Petrarca – zurück in Europa – stieg in den vierziger Jahren des 14. Jahrhunderts auf den Mont Ventoux im Vaucluse bei Avignon, um von diesem erhöhten Standpunkt aus den Blick schweifen zu lassen und als erster, so will es die Geschichte, sich aus dem Land zu erheben und die Landschaft zu schauen, zu erschauen und ästhetisch zu geniessen. Diese Erhabenheit ist heute gewichen. «The landscape fights back», die Landschaft schlägt zurück, wäre ein zeitgemässer Öko-Thriller zu titeln. Auch wenn diese Umkehrung erst Teilrealität ist, dann sind wir doch nicht mehr die ungestört Schauenden. Wir selbst stehen auf der Bühne und werden angeschaut, werden überwacht, eingespiesen und zugewiesen. «Ronde de nuit», dieses 12 Meter lange und 2 Meter hohe falsche Cinerama-Stück im Videozeitalter stellt die Landschaftsfotografie längs. Es erlaubt keine gelassene Frontalansicht, kein Panorama mehr, sondern es inszeniert, hautpsächlich aus Ueberwachungsvideos einer Polizeistation zusammengestellt, mit Sondierbohrungen in unterschiedliche Schichten der Wirklichkeit eine Fahrt, die den sicheren Standpunkt des betrachtenden Subjekts mit in Bewegung setzt. Unentrinnbar sind wir dem Wechsel von sehr nah zu fern ausgesetzt. Eine visuelle Geisterbahn des elektronischen, des Ueberwachungszeitalters: das Zerfallen der Ueber- und Weitsicht wird durch telematische Einsichten als obszöne Zugriffe und Zugriffe als harte Ueberwachung ersetzt. Ueberwachung als das letzte grosse Spektakel, wenn nicht der notwendige Kick, um sich am Leben zu wähnen. «Ronde de nuit» ist ein trauriges Stück Musik, eine schrecklich schöne Pavanne der Zirkularität. Gefangen sein im eigenen Netz, das man ausgeworfen hat. Auch dem Betrachter wird die Ausflucht soweit als möglich verwehrt.

Die Änderungen der Vorzeichen sind ausgesprochen. Lewis Baltz hat aufgehört, in einem kühlen einszueins Form-und-Inhalt-Verismus zu zeigen, was der Fall ist. Er hat die Illusion des neutralen Standpunktes und der halbwegs neutral dokumentierenden Bilder aufgelöst. Er inszeniert, er verführt, er schreckt ab, vor allem aber spielt er mit, im (letzten) grossen Spektakel, das den Zuschauern vielleicht ihren eigenen Untergang vorführt. Lewis Baltz hat den Standpunkt des Aussenstehenden aufgegeben und die Rolle des Zeremonienmeisters, des Conferencier im Reich der Bilderproduktion angenommen. Er schlüpft auch in die Rolle des Croupiers, wenn er, wie in der Arbeit «Giocchi di Simulazione» willkürlich und spielerisch das eigene Bild erkundet, mehrfach kopiert und ausbeutet und dabei eine banale Situation in einen Krimi wendet. Er wird zum aufdringlichen, aber folgerichtigen Voyeur, als er für das dem noblen Restaurant St. James angegliederte Hotel Amat bei Bordeaux das immaterielle Werk und letzte Vergnügen der gegenseitigen Videoüberwachung als Kunst im Bau vorschlägt. Und er wird zum Zauberlehrling, wenn er zusammen mit Anneliese Varaldiev perfektionistische Elektronik-Porträts der Begierde generiert. 

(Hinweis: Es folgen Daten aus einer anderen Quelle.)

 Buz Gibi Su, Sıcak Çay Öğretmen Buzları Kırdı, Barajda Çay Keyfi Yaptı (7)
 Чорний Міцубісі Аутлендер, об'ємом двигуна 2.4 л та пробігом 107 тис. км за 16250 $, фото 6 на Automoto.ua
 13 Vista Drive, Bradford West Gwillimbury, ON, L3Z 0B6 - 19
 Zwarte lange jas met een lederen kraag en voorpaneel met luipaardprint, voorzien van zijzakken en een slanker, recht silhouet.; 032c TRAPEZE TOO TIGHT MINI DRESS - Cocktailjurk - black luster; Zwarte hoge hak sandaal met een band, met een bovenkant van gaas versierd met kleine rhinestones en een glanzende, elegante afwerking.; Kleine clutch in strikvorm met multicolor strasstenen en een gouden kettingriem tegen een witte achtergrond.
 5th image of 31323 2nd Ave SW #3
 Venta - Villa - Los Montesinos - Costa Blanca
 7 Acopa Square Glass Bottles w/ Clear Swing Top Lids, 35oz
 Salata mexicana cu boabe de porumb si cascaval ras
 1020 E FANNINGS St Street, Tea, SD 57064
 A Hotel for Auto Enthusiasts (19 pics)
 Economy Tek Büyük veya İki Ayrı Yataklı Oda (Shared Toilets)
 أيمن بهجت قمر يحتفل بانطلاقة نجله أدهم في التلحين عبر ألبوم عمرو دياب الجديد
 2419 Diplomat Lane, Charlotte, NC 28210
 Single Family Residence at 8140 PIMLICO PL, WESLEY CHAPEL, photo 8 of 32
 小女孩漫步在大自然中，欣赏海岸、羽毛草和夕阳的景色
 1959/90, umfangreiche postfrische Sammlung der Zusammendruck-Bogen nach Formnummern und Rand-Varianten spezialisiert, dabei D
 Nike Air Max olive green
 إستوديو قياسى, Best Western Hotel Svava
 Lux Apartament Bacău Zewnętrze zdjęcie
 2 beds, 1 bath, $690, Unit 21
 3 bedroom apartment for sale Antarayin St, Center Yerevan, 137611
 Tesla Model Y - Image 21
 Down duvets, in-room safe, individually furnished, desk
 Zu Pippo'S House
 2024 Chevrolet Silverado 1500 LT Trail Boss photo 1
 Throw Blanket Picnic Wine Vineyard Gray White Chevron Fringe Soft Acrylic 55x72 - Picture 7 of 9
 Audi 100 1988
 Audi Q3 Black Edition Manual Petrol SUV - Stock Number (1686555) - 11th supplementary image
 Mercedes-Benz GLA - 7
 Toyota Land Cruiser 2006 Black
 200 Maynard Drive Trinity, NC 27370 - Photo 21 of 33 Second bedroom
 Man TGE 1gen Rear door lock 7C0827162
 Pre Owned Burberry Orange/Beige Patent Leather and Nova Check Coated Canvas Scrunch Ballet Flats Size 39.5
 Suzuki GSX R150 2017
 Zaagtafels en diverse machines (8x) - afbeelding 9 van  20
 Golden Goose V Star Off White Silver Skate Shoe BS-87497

Lewis Baltz als der soziale Plastiker im telematischen Zeitalter? Voyeur, Croupier, Magier oder Conferencier: Es sind alles leicht anrüchige Rollen, die er mit heiligem Ernst spielt, um der Zirkularität von Voyeurismus, Erforschung, Ueberwachung und Spektakel auf die Spur zu kommen und bildnerische Metaphern dafür inszenieren zu können. Mit viel Sinn für die erotische Verführung und die Politik der Macht, genügend ernsthaft, um dem Vorwurf des blanken Zynismus zu entgehen, genügend Libertin, um nicht vor Moral zu triefen: «Let's say this: the urbanism which is spoken of here and elsewhere is neither more or less than the reification of power. Cities function and appear as they do because their owners will it so. Cities function and appear as they do because their subjects resist the will of the owners. Such is the political economy of urbanism. The rest is spectacle. But, of course, some spectacles are more interesting than others.» (L.B.)